Airbus SE is using artificial intelligence to squeeze cost out of its finance function, an experiment launched in the aircraft maker’s Americas division that could save the corporation millions of dollars annually if rolled out in other regions.

Notice how this is framed as an experiment, or as we mentors would call it, “a pilot.” Note this is a geographically defined pilot, which is a good way to run a pilot as you aren’t having to deal with multiple languages or currencies from an international pilot.

The new process was deployed first in the Herndon, Va., headquarters of Airbus Americas. It has since been rolled out in most of the division’s other offices in North America.

Note how the companies first did a pilot in a single office before deciding to roll it out across North America. You want to test in the smallest meaningful unit of the business. Meaningful to both you and the client. Beware of scope creep!

It’s one of the latest examples of how companies across sectors are digitizing operations to increase efficiency, reduce human error and free up employees for tasks that require more human judgment, such as strategic planning, analysis and audits.

The author has done a great job of summarizing the pilot’s benefits to Airbus in one sentence. You need to do the same for your pilots!
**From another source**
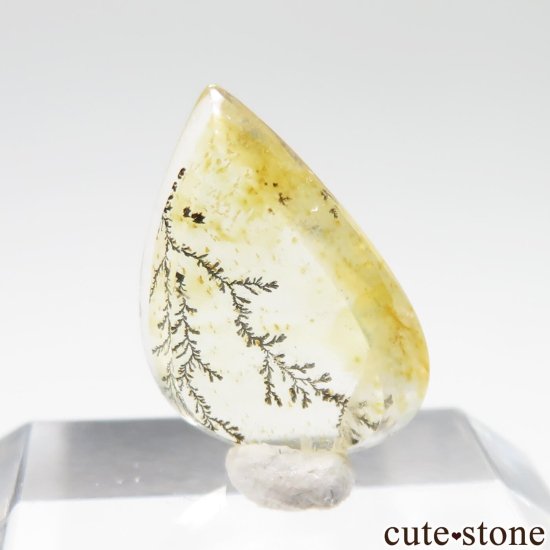 ֥饸 ߥʥ饤 ǥɥƥåĤΥ롼 No.41μ̿1 cute stone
“Companies can now automate highly repetitive activity at a lower cost with a higher degree of accuracy,” said David Axson, head of the CFO consulting practice at Accenture Strategy, a unit of consulting firm Accenture PLC. “This especially applies to high-volume-use cases like accounts payable.”

AI is just beginning to be used in professional services like accounting, so the quote from David Axson is another example of encapsulating the benefit of using AI in finance from a domain expert.

Manually combing through every line of a single expense report could take about an hour—more, if the receipt was in a language foreign to the reviewer. More still if there were red flags, such as missing receipts.

Sometimes reviewers took shortcuts, such as going on trust and approving an expense associated with a foreign receipt they couldn’t understand, to get through a pile of reviews. That could lead to errors, Mr. Masci said.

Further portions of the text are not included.